TASK TO CARRY OUT: Go through the listing and repeat each entry exactly, but include no pictures.

BEGIN

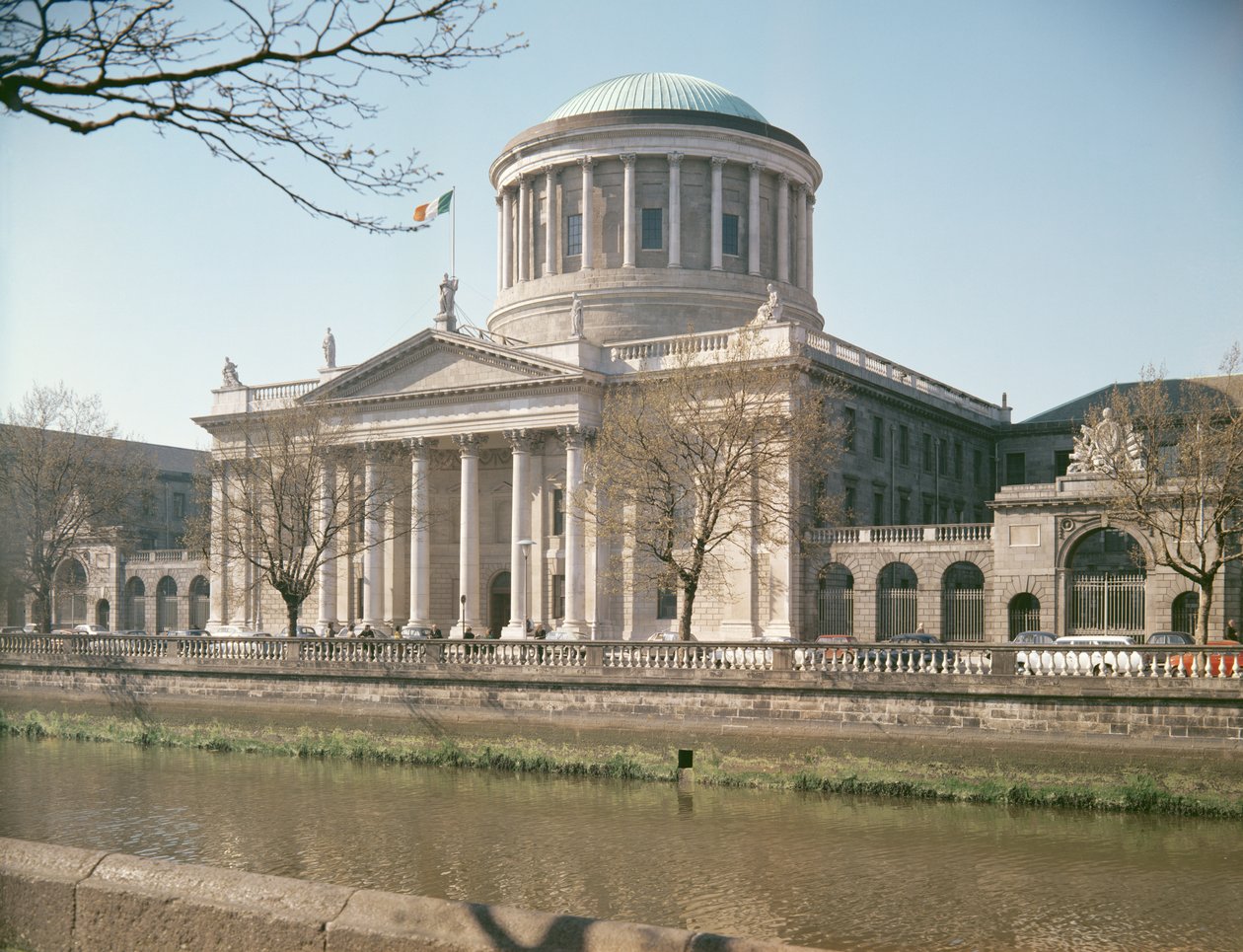 Four Courts, Dublin, při pohledu z řeky Liffey, postavený v letech 1796-1802 od James Gandon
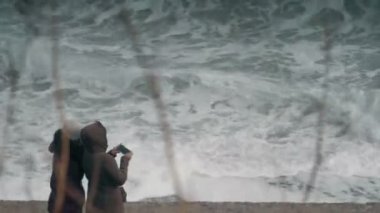 25 Mart 2015: deniz sallayarak rhe fotoğrafını çekmek insanlar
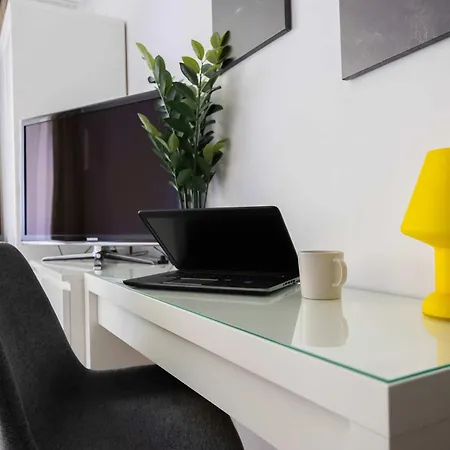 Functional Next To The Pole Mokotowskie, Workspace & Smart Tv By Renters Apartament Warszawa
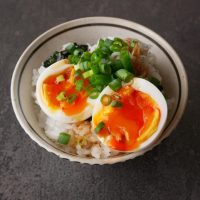 忙しい朝にぴったり！時短「卵×ご飯」レシピ3つ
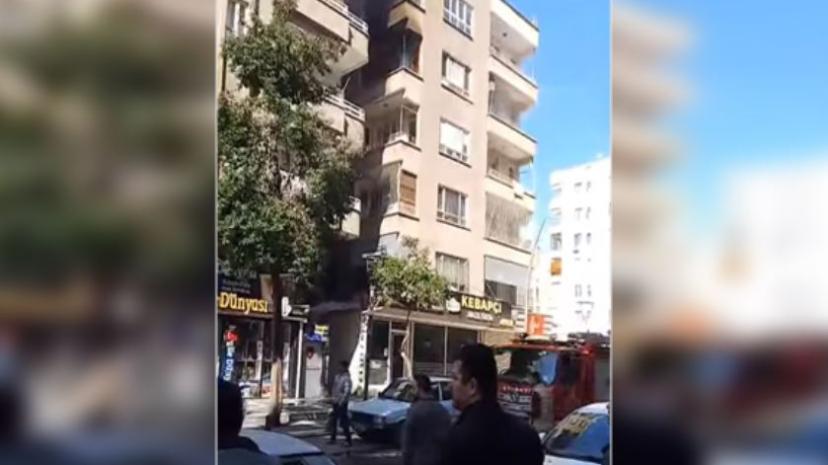 Haliliye’de bir apartmanda yangın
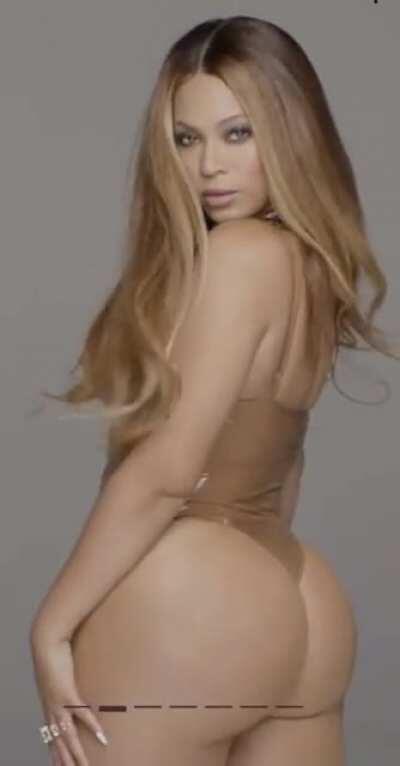 Beyoncé presents her booty (and her product of course 😉)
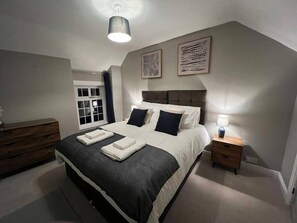 Bedroom 2 (1)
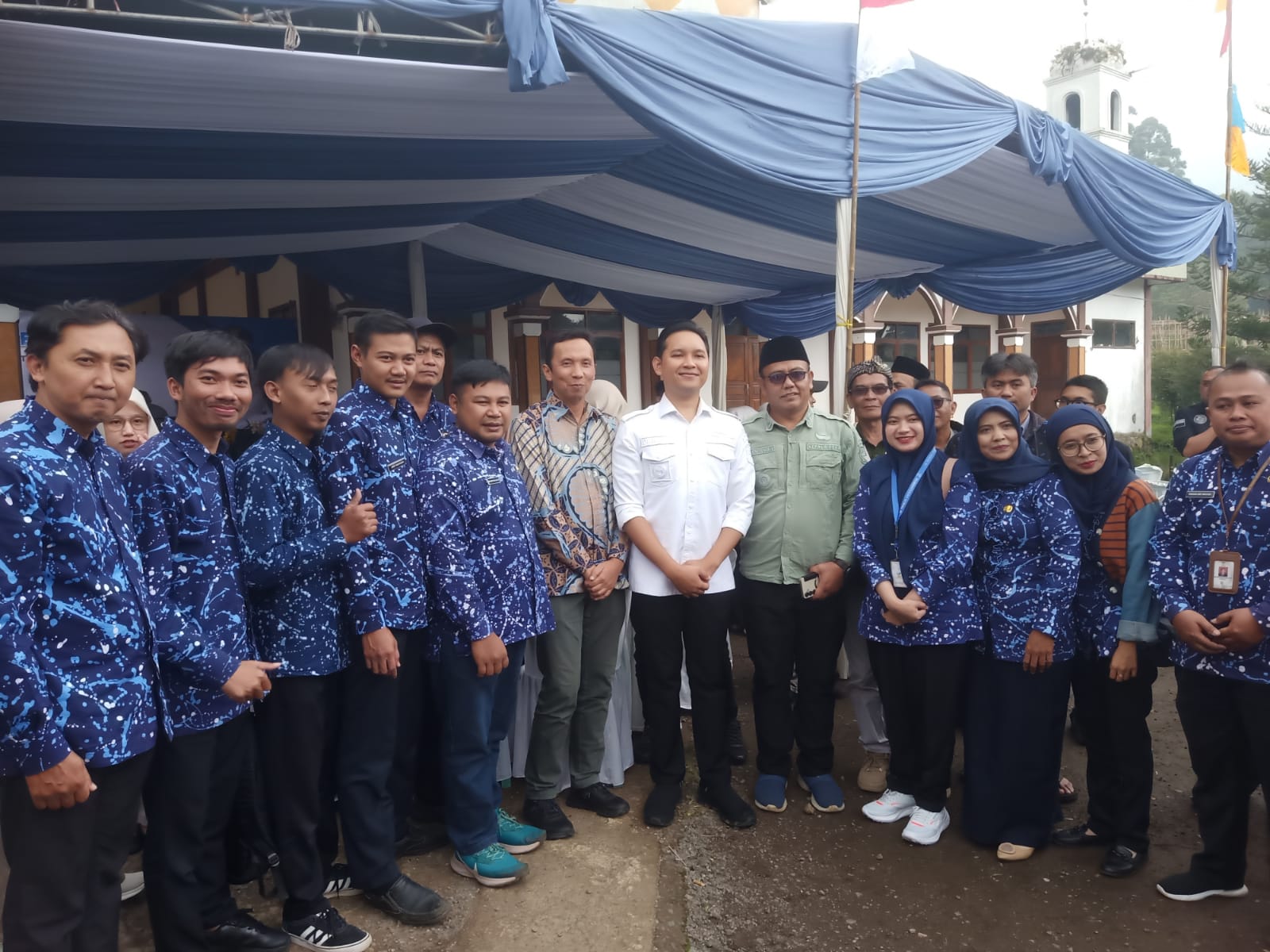 Pemkab Cianjur Serahkan Sertifikat Tanah Kas Desa Cimacan, Ini Pesan Bupati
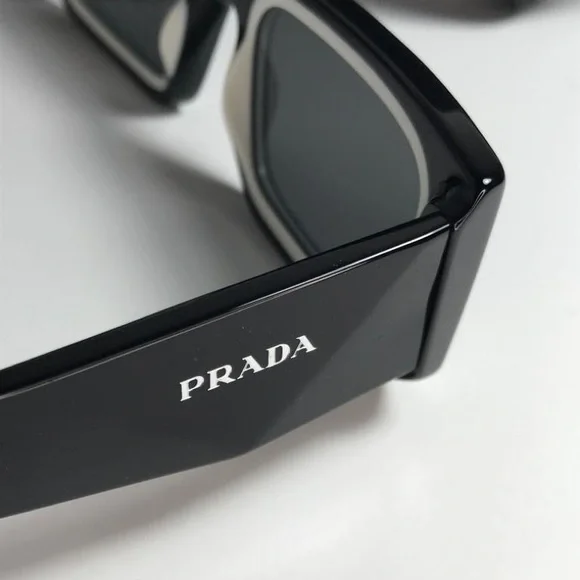 New - 💯Authentic - New - Prada Eyewear PR 06YS rectangle frame sunglasses - Picture 7 of 16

END

EXERCISE OUTPUT:
 Four Courts, Dublin, při pohledu z řeky Liffey, postavený v letech 1796-1802 od James Gandon
 25 Mart 2015: deniz sallayarak rhe fotoğrafını çekmek insanlar
 Functional Next To The Pole Mokotowskie, Workspace & Smart Tv By Renters Apartament Warszawa
 忙しい朝にぴったり！時短「卵×ご飯」レシピ3つ
 Haliliye’de bir apartmanda yangın
 Beyoncé presents her booty (and her product of course 😉)
 Bedroom 2 (1)
 Pemkab Cianjur Serahkan Sertifikat Tanah Kas Desa Cimacan, Ini Pesan Bupati
 New - 💯Authentic - New - Prada Eyewear PR 06YS rectangle frame sunglasses - Picture 7 of 16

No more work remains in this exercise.